[Data excerpts]
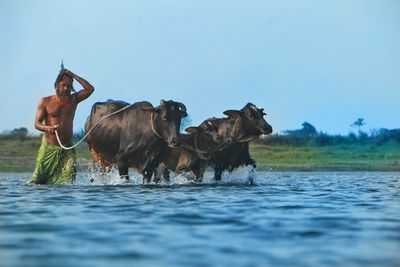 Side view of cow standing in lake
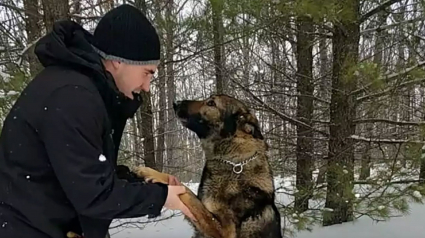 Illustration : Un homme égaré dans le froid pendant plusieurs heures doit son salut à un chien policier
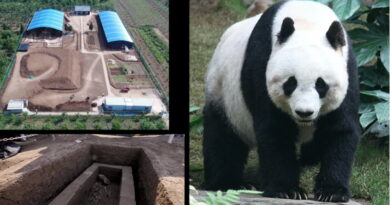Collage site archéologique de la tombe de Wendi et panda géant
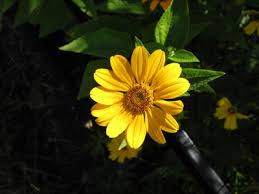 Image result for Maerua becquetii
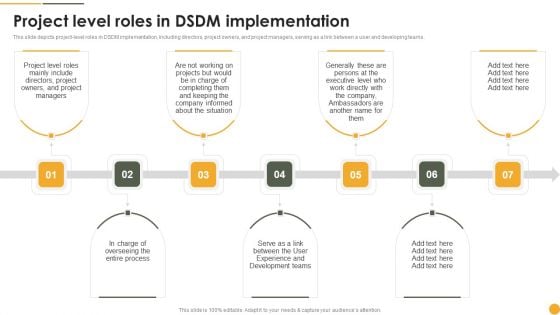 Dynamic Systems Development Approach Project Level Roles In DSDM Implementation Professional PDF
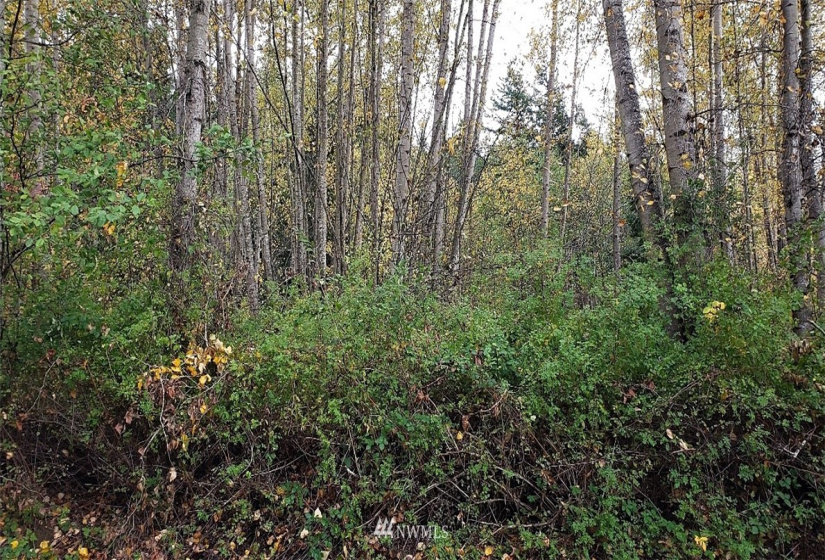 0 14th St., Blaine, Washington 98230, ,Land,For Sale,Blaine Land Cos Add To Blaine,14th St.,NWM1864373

THE PROBLEM
Output the entries above verbatim, leaving out images.

ANSWER TO THE EXERCISE
 Side view of cow standing in lake
 Illustration : Un homme égaré dans le froid pendant plusieurs heures doit son salut à un chien policier
Collage site archéologique de la tombe de Wendi et panda géant
 Image result for Maerua becquetii
 Dynamic Systems Development Approach Project Level Roles In DSDM Implementation Professional PDF
 0 14th St., Blaine, Washington 98230, ,Land,For Sale,Blaine Land Cos Add To Blaine,14th St.,NWM1864373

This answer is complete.